SOURCE INFORMATION section start

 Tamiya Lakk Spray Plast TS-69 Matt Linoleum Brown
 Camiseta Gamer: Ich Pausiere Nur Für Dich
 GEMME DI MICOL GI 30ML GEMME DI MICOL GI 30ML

SOURCE INFORMATION section end
SOURCE INFORMATION section start

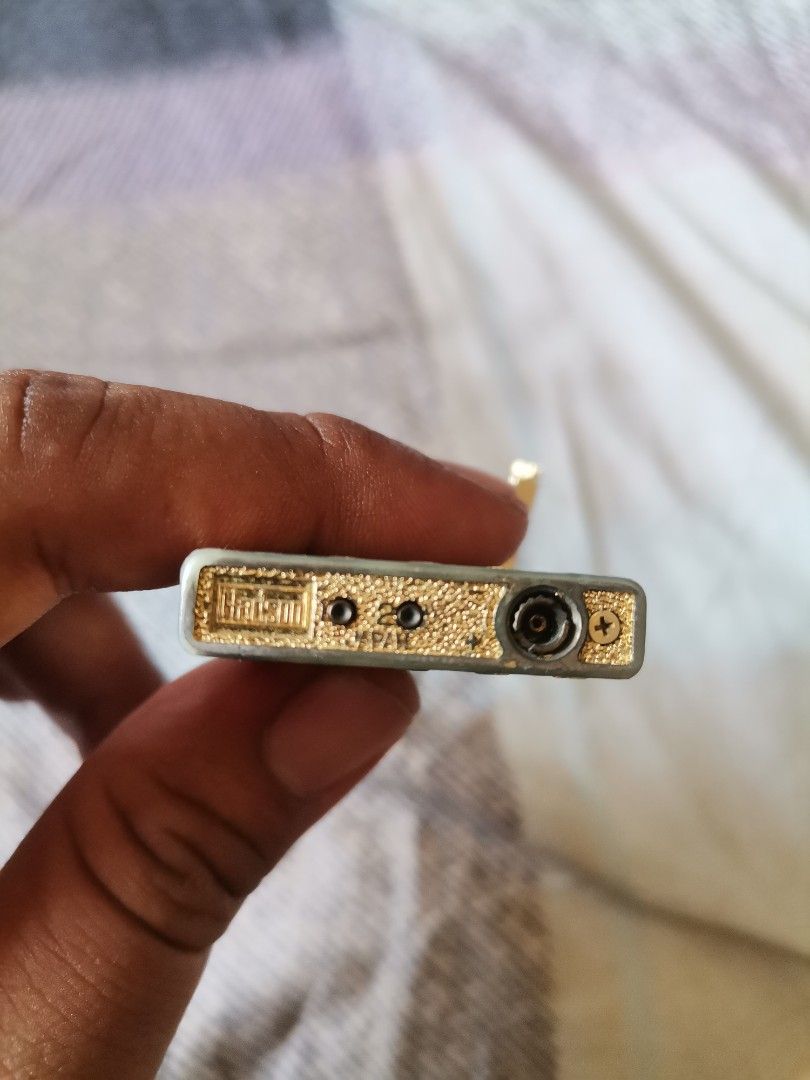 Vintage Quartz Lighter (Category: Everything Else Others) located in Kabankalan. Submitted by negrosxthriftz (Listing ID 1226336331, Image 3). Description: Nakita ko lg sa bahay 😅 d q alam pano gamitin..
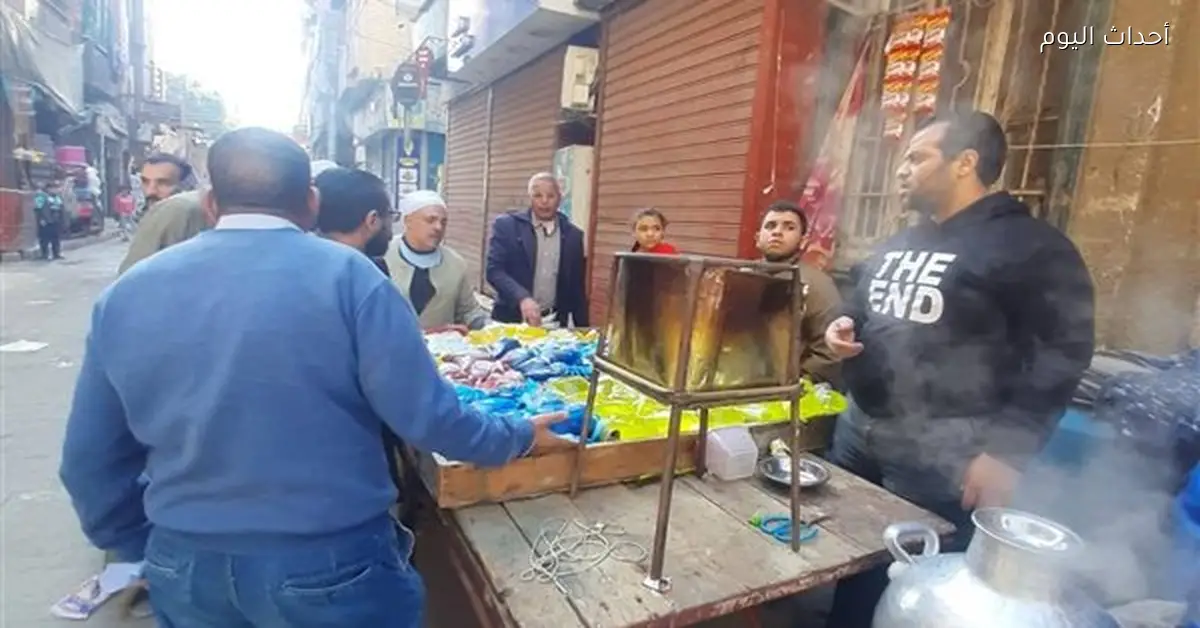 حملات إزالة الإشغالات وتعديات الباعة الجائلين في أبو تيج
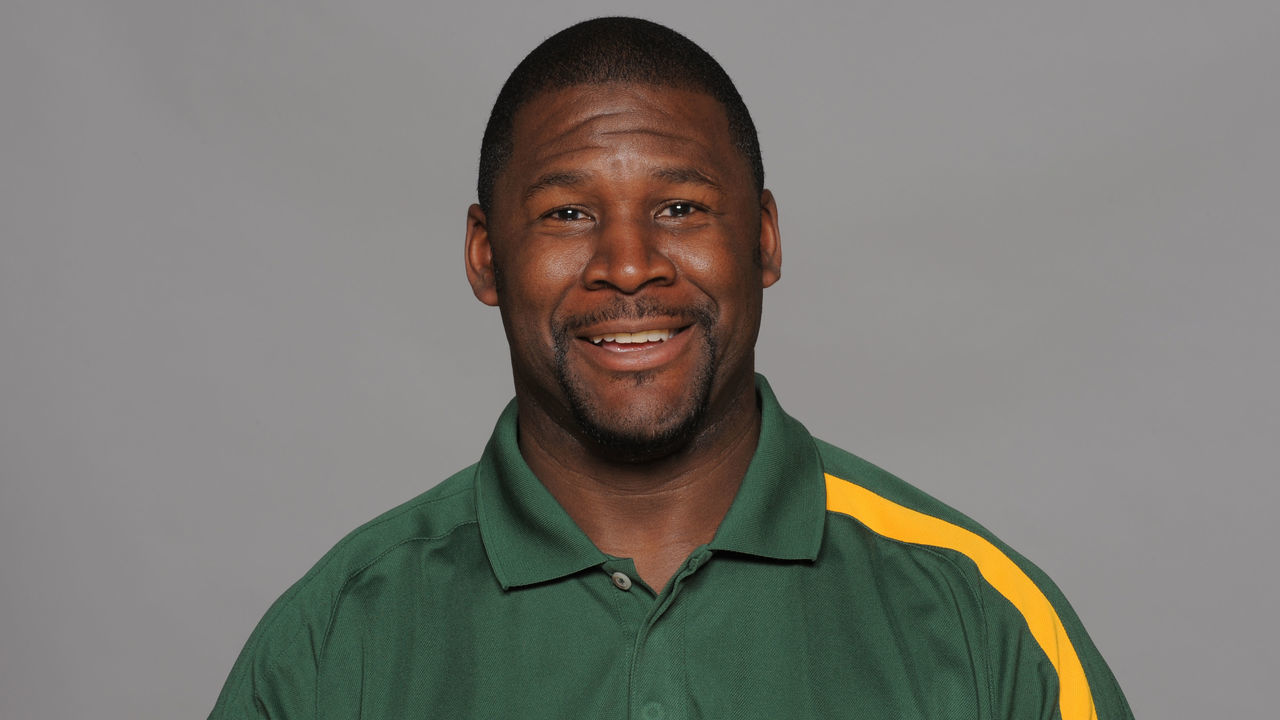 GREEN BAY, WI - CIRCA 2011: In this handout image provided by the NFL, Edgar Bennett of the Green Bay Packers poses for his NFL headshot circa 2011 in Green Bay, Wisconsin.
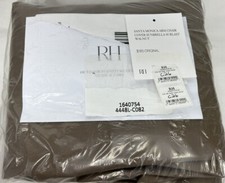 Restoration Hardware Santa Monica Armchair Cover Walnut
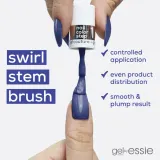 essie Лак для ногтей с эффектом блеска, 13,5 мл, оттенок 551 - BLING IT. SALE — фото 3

SOURCE INFORMATION section end

* _EXERCISE DETAILS_: In the records above, the line with "Camiseta Gamer: Ich Pausiere Nur Für Dich" marks the start and the line with "GEMME DI MICOL GI 30ML GEMME" marks the end; copy that stretch exactly, both lines included, and nothing else.

* _OUTPUT OF THE EXERCISE_:
 Camiseta Gamer: Ich Pausiere Nur Für Dich
 GEMME DI MICOL GI 30ML GEMME DI MICOL GI 30ML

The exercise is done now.